START GIVEN DATA
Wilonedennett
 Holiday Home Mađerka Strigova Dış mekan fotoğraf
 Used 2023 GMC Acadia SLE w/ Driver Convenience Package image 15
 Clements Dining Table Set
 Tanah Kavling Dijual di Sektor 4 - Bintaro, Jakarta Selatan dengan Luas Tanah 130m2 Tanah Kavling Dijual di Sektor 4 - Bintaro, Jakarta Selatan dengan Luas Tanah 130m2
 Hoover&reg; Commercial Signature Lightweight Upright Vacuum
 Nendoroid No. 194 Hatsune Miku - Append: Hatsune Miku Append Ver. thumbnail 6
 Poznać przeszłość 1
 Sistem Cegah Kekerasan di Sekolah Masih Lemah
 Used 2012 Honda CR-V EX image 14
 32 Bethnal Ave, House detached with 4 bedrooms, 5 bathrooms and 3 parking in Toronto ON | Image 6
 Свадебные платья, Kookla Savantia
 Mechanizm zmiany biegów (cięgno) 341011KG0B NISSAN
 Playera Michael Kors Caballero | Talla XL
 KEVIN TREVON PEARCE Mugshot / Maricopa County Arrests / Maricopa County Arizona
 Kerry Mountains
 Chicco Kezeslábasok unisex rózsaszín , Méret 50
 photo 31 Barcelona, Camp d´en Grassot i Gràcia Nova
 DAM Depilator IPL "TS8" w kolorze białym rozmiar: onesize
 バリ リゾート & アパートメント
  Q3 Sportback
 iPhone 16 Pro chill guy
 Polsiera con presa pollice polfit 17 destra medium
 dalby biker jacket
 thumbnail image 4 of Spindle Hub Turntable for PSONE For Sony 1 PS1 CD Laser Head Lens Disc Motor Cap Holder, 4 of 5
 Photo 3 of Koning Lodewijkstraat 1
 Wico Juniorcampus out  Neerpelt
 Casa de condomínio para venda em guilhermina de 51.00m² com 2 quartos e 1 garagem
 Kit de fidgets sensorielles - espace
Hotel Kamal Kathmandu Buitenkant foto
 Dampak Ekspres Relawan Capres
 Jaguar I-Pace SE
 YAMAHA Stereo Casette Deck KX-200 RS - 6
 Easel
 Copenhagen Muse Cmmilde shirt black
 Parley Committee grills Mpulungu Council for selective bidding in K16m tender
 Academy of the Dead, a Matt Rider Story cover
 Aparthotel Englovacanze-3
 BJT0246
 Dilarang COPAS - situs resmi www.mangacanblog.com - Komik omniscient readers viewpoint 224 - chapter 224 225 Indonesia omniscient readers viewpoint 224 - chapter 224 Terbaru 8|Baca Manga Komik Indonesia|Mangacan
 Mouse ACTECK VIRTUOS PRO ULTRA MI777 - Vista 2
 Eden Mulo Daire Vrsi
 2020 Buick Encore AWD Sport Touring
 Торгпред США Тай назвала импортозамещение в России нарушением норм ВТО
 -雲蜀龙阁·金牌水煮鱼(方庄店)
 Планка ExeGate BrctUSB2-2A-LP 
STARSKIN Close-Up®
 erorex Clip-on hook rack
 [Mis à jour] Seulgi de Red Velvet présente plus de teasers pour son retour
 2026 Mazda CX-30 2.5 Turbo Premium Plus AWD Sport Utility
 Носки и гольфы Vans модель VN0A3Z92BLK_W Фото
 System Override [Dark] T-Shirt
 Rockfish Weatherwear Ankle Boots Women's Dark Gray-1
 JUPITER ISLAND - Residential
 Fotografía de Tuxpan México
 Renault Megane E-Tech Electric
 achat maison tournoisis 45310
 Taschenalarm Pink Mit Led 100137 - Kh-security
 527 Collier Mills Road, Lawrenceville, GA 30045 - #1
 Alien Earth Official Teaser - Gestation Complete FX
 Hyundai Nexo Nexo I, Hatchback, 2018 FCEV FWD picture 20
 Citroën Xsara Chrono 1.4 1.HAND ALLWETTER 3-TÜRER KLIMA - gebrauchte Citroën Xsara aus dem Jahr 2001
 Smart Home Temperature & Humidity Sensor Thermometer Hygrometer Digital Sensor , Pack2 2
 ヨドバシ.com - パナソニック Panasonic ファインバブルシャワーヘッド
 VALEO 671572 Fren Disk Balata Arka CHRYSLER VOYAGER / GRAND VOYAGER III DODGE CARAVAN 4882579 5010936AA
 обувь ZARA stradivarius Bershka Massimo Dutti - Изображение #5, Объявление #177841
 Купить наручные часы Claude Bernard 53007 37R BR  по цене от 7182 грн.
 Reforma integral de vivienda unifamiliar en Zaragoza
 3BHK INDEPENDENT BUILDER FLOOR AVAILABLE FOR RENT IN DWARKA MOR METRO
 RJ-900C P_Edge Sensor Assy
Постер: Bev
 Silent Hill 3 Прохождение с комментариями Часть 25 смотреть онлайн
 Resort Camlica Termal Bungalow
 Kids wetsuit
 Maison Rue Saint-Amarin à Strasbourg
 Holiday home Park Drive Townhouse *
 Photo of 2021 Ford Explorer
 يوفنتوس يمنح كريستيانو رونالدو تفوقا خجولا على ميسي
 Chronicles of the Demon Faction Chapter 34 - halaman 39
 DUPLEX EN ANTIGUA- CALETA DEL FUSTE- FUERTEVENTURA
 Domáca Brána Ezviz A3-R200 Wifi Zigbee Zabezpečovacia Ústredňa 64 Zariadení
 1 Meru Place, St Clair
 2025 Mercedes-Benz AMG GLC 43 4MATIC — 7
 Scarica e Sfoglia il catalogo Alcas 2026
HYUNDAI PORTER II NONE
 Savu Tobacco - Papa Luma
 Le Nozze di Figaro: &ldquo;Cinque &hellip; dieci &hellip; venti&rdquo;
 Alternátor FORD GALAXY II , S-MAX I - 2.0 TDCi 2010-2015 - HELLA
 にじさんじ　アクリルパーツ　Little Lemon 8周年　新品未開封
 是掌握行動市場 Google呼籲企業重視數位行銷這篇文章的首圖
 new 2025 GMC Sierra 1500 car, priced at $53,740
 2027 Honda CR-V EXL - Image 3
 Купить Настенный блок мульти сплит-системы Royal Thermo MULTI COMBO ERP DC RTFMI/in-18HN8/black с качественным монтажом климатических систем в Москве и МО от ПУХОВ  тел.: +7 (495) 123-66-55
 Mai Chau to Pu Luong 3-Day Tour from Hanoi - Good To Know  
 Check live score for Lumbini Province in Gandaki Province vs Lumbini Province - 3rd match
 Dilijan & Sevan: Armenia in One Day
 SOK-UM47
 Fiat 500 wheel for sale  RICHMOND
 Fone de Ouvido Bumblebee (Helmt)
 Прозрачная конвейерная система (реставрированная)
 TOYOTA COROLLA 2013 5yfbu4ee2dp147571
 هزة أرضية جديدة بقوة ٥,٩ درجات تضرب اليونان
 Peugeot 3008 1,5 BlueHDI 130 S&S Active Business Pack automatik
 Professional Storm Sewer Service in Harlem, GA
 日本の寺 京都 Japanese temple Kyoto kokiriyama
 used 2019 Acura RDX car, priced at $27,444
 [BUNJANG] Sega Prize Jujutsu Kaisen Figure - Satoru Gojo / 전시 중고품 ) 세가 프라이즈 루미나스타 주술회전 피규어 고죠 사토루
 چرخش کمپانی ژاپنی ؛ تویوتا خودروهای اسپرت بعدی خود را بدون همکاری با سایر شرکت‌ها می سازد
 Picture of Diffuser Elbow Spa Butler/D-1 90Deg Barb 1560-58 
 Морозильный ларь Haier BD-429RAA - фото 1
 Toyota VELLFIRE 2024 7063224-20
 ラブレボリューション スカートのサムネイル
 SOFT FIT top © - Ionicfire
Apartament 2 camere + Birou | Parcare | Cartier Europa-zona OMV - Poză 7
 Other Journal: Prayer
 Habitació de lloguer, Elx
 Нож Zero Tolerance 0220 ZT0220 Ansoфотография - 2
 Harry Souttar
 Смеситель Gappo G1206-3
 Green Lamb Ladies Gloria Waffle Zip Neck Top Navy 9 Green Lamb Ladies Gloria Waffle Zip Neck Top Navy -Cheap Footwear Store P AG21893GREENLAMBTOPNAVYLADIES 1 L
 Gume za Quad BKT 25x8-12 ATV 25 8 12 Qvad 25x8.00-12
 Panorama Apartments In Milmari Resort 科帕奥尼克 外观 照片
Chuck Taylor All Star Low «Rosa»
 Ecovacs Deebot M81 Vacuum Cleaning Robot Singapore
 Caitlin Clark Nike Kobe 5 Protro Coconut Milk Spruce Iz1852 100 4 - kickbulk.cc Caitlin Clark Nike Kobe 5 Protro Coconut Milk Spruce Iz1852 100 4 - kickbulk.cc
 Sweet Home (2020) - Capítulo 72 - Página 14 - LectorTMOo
END GIVEN DATA
- [TASK TO COMPLETE]
In the listing above, find the line with "日本の寺 京都 Japanese temple Kyoto kokiriyama" and the line with "Other Journal: Prayer"; set down exactly those two lines and every line between them, nothing more.

- [EXPECTED ANSWER]
 日本の寺 京都 Japanese temple Kyoto kokiriyama
 used 2019 Acura RDX car, priced at $27,444
 [BUNJANG] Sega Prize Jujutsu Kaisen Figure - Satoru Gojo / 전시 중고품 ) 세가 프라이즈 루미나스타 주술회전 피규어 고죠 사토루
 چرخش کمپانی ژاپنی ؛ تویوتا خودروهای اسپرت بعدی خود را بدون همکاری با سایر شرکت‌ها می سازد
 Picture of Diffuser Elbow Spa Butler/D-1 90Deg Barb 1560-58 
 Морозильный ларь Haier BD-429RAA - фото 1
 Toyota VELLFIRE 2024 7063224-20
 ラブレボリューション スカートのサムネイル
 SOFT FIT top © - Ionicfire
Apartament 2 camere + Birou | Parcare | Cartier Europa-zona OMV - Poză 7
 Other Journal: Prayer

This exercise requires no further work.